The Early Word: Lot 2


Lot 2 is on a stretch of Brooklyn’s Sixth Avenue in what you might call Sunset Park, Greenwood Heights, or South Slope. It’s a quiet avenue. A few blocks south, it dead-ends into Greenwood Cemetery. In the last few years, the area has enjoyed an unlikely mini-boom: Aside from Lot 2, there’s Toby’s Public House (and Scratchbread), Southside Coffee, and Safe Harbor–plus, the new branch of Lucali’s, which is still under construction.

Chef Scott Bridi is a Brooklyn native, and was previously sous chef at ‘inoteca, and director of the charcuterie program at Gramercy Tavern. At Lot 2, he’s making his own pastas, charcuterie, and fresh sausage.

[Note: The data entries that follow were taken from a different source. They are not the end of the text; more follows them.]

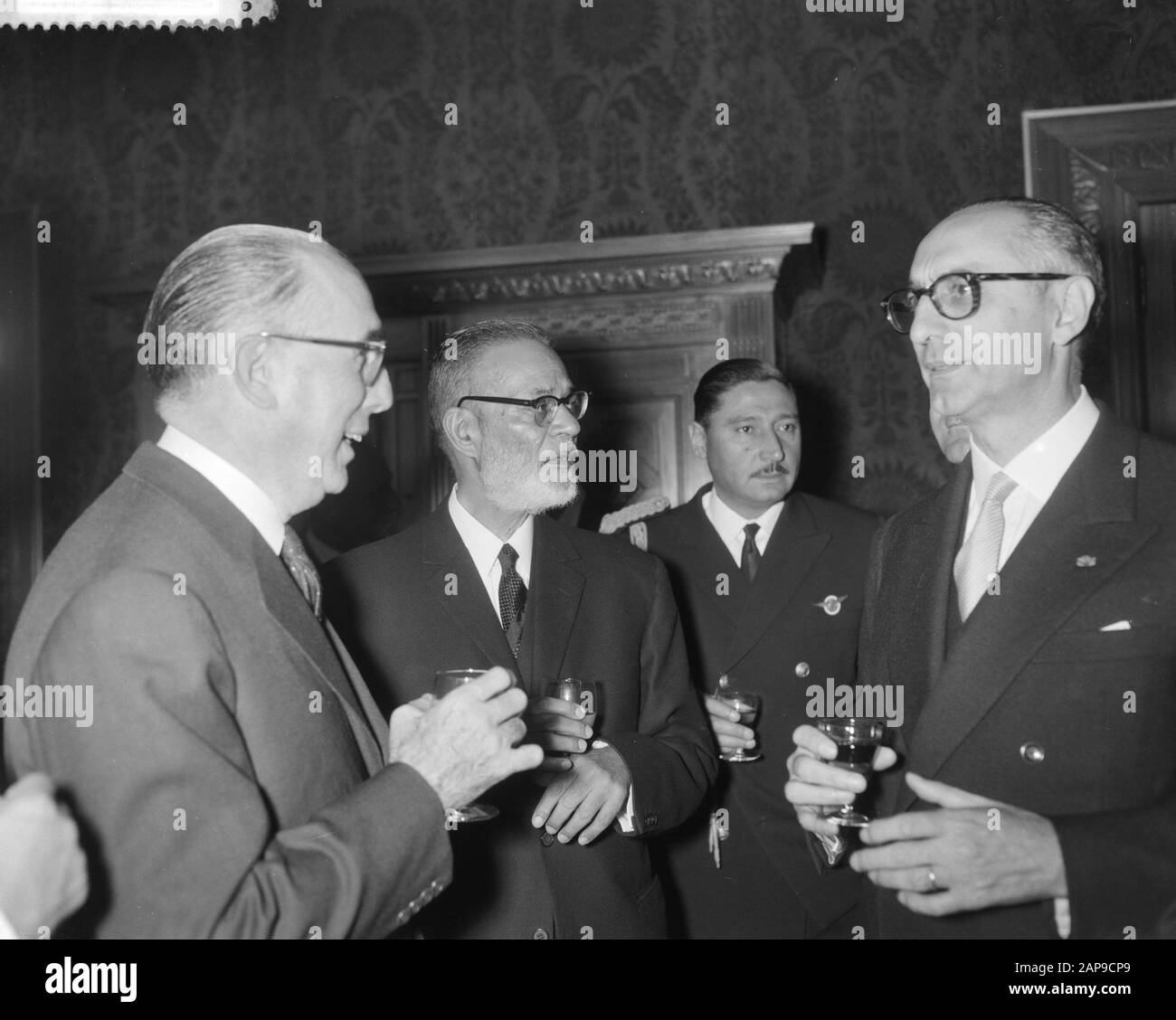 Visite du Président de l'Argentine, Arturo Frondizi au Palais de la paix de la Haye Date: 1 juillet 1960 lieu: La Haye, Zuid-Holland mots clés: Présidents, visites d'État Nom personnel: Frondizi Arturo Nom de l'institution: Palais de la paix Banque D'Images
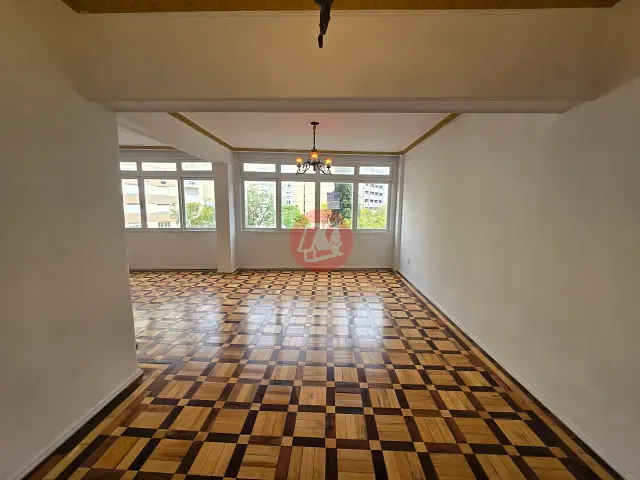 Apartamento 3 quartos e 1 banheiro, para alugar, no bairro Centro Histórico em Porto Alegre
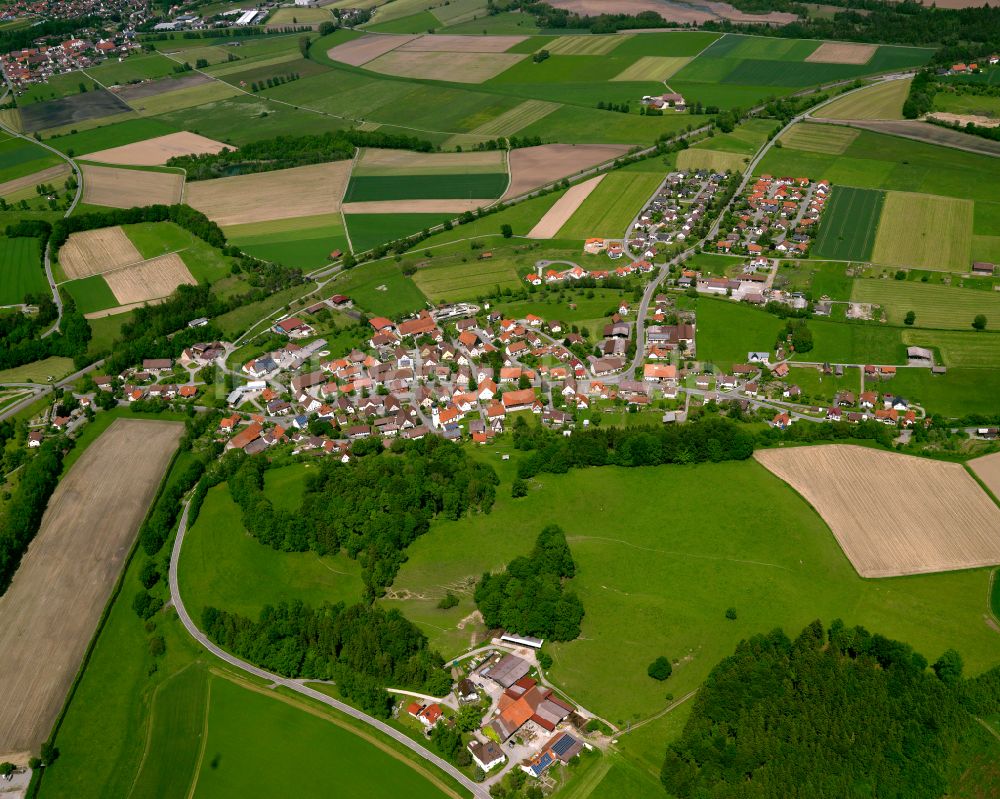 Luftbild Winterstettenstadt - Ortsansicht am Rande von landwirtschaftlichen Feldern in Winterstettenstadt im Bundesland Baden-Württemberg, Deutschland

It’s a small, comfortable restaurant–just a bunch of wooden tables and chairs, a small bar, and large windows that open out to the street. The menu is fashionably divided into small, medium, and large plates, although the portions are much more generous than those designations usually mean. A “medium” plate of homemade garganelli with roasted cauliflower and broccoli is actually big enough to be a sizable main dish. Prices are fair, ranging from about $13 for a plate of pasta or the burger, to about $20 for more elaborate mains.

Bridi has a thing for neck. He fashions dry-cured sausage from pork and lamb neck, and whips up duck neck rillettes. The cured lamb neck is delicious–pink, fat-mottled rounds with a spicy, meaty funk. We also loved a toast topped with whipped lardo butter that vaporizes on the tongue, plus brussels sprouts, and almonds. The garganelli in the vegetarian pasta plate has that nice, chewy character that good homemade pasta does, and a beef pot roast sandwich on a crusty baguette won’t change your life, but is tasty and warming.

If you live in the area, you’ll want to go back. Lot 2 isn’t really a destination restaurant, and it’s not meant to be. It’s a neighborhood spot, and a good one, in the vein of Applewood.